30. Bölüm- Sevgili

725 123 116
                                    


Selamlar, selamlarr🩷
Saat geç oldu ekstra giriş yapmıyorum
Yıldızımı isterim yorumlara beklerim hepinizi çok öperim💋
İyi okumalarr🩷

Aşk, şehvet, ihtiras, tutku... Şu an hissettiğim duyguya hepsini tek geçerim.

Huzur... Beni içine alan, dört bir yanımı saran huzur.
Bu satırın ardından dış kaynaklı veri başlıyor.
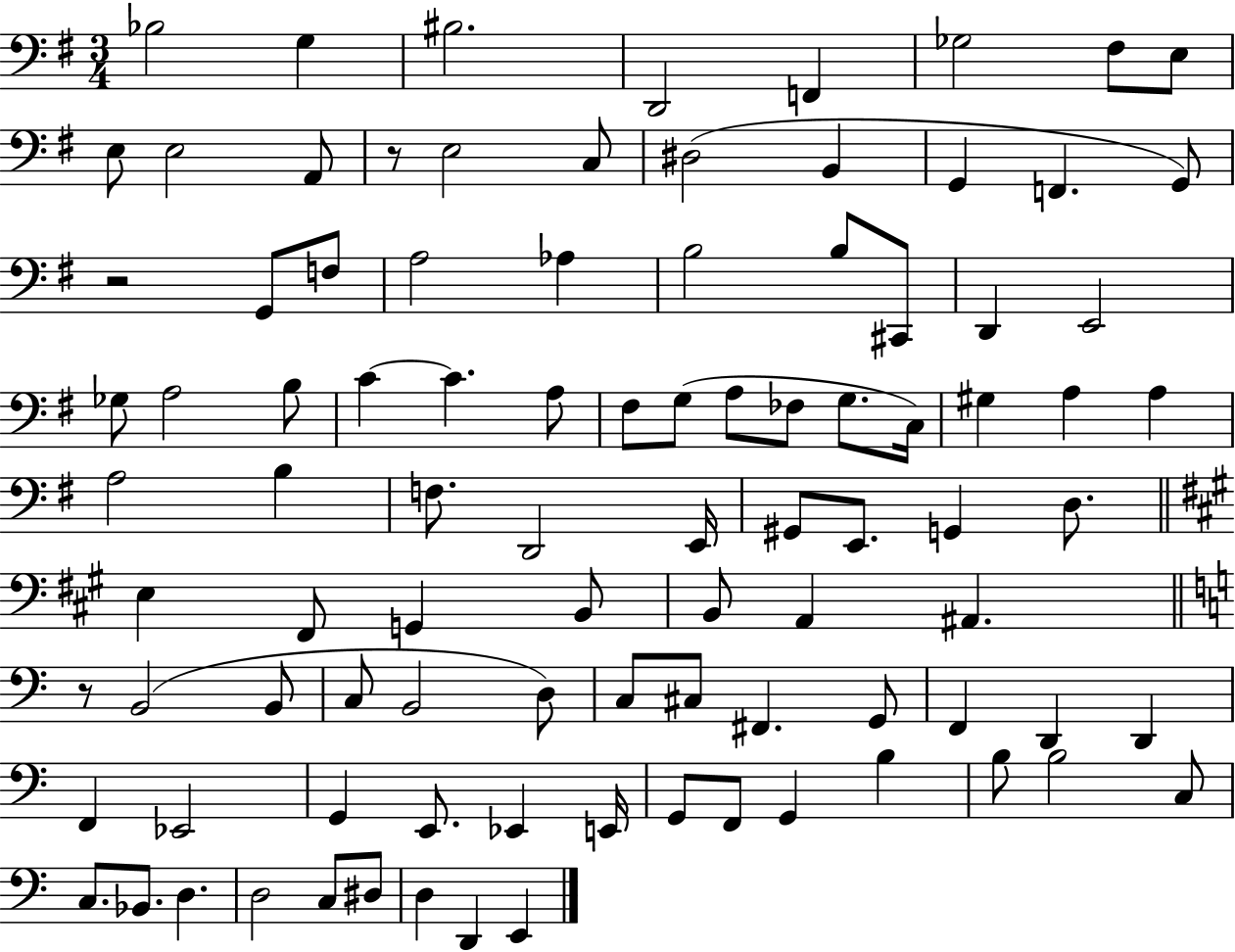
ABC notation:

X:1
T:Untitled
M:3/4
L:1/4
K:G
_B,2 G, ^B,2 D,,2 F,, _G,2 ^F,/2 E,/2 E,/2 E,2 A,,/2 z/2 E,2 C,/2 ^D,2 B,, G,, F,, G,,/2 z2 G,,/2 F,/2 A,2 _A, B,2 B,/2 ^C,,/2 D,, E,,2 _G,/2 A,2 B,/2 C C A,/2 ^F,/2 G,/2 A,/2 _F,/2 G,/2 C,/4 ^G, A, A, A,2 B, F,/2 D,,2 E,,/4 ^G,,/2 E,,/2 G,, D,/2 E, ^F,,/2 G,, B,,/2 B,,/2 A,, ^A,, z/2 B,,2 B,,/2 C,/2 B,,2 D,/2 C,/2 ^C,/2 ^F,, G,,/2 F,, D,, D,, F,, _E,,2 G,, E,,/2 _E,, E,,/4 G,,/2 F,,/2 G,, B, B,/2 B,2 C,/2 C,/2 _B,,/2 D, D,2 C,/2 ^D,/2 D, D,, E,,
Huzur, Aziz'in kolları mı, boynu mu, boynundan yayılan tarçınlı kurabiye kokusu mu, bana güven veren sırtı mı, belimde dolaşan elleri mi, boynumda hissettiğim dudakları mı?

Tek geçerim demiştim ama pek de tek geçemezmişim. İçinde yüzdüğüm huzura rağmen dışarı taşan farklı duygularımı fark etmem çok uzun bir zamanımı almadı. Sarılmak yetmiyordu. En azından üzerinde kıyafetleri varken sarılmak yetmiyordu. Daha fazlasını istiyordum. Hiçbir zaman kendimi bu kadar doyumsuz hissetmemiştim ama Aziz bana her dokunduğunda biraz daha fazlasını istiyordum.
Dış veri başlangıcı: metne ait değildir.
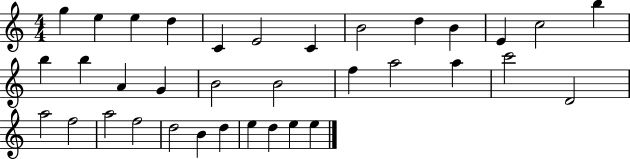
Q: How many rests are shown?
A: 0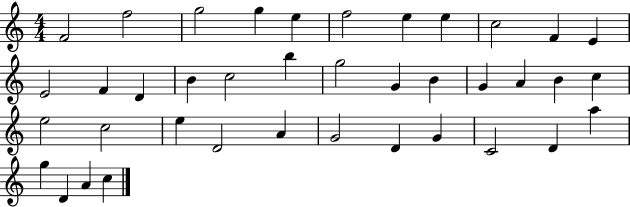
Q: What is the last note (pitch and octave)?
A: C5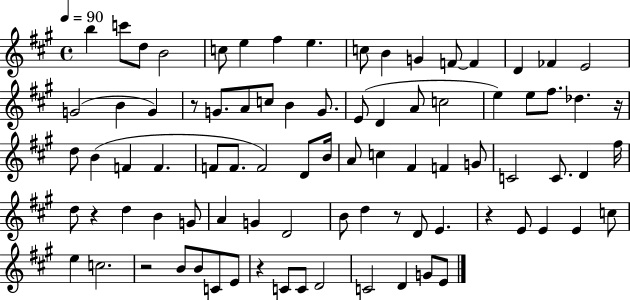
B5/q C6/e D5/e B4/h C5/e E5/q F#5/q E5/q. C5/e B4/q G4/q F4/e F4/q D4/q FES4/q E4/h G4/h B4/q G4/q R/e G4/e. A4/e C5/e B4/q G4/e. E4/e D4/q A4/e C5/h E5/q E5/e F#5/e. Db5/q. R/s D5/e B4/q F4/q F4/q. F4/e F4/e. F4/h D4/e B4/s A4/e C5/q F#4/q F4/q G4/e C4/h C4/e. D4/q F#5/s D5/e R/q D5/q B4/q G4/e A4/q G4/q D4/h B4/e D5/q R/e D4/e E4/q. R/q E4/e E4/q E4/q C5/e E5/q C5/h. R/h B4/e B4/e C4/e E4/e R/q C4/e C4/e D4/h C4/h D4/q G4/e E4/e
Özellikle şu an aramızdaki sırdan kurtulduktan sonra kendimi daha rahat hissediyordum. Evet, duyduklarım hoşuma gitmemişti. Her ne kadar Aziz'in verdiği kararı anlayabiliyor olsam bile kendi yaşadıklarımı hak etmediğimi biliyordum. Tabi beni kendi yaşadıklarımdan ziyade Aziz'in hastalığıyla mücadele ederken yaşadığı şeyler daha çok düşündürüyordu. İlaç tedavisi ne kadar sürmüştü, ne zaman ameliyat olmuştu, şu an her şey yolunda mıydı, tüm bunlar olurken yanında kim vardı, anne ve babasıyla ilişkisi şu an nasıldı? Bir sürü soru beynimde dolaşmasına rağmen canımı en çok acıtan o zor günler yaşarken benim hayatıma devam etmiş olmamdı.

Aziz de tam da bunun için, ben hayatıma devam edebileyim diye, bana söylememişti ama bunu kabullenmek benim için zordu. Belki de her şey tam da onun düşündüğü gibi gerçekleşirdi. Ben çıldırırdım ve kayışı kopartırdım. Ama şu an başkaydı. Ben belki hala bu konularda çok rahat bir insan değildim ama eski ben de değildim. Bunu Aziz'e göstermenin tek yolu ise kanıtlamaktı. Çünkü ben ona bunu kanıtlamadığım sürece o belli ki gelecekte de benden bir şeyler saklamaya devam edecekti.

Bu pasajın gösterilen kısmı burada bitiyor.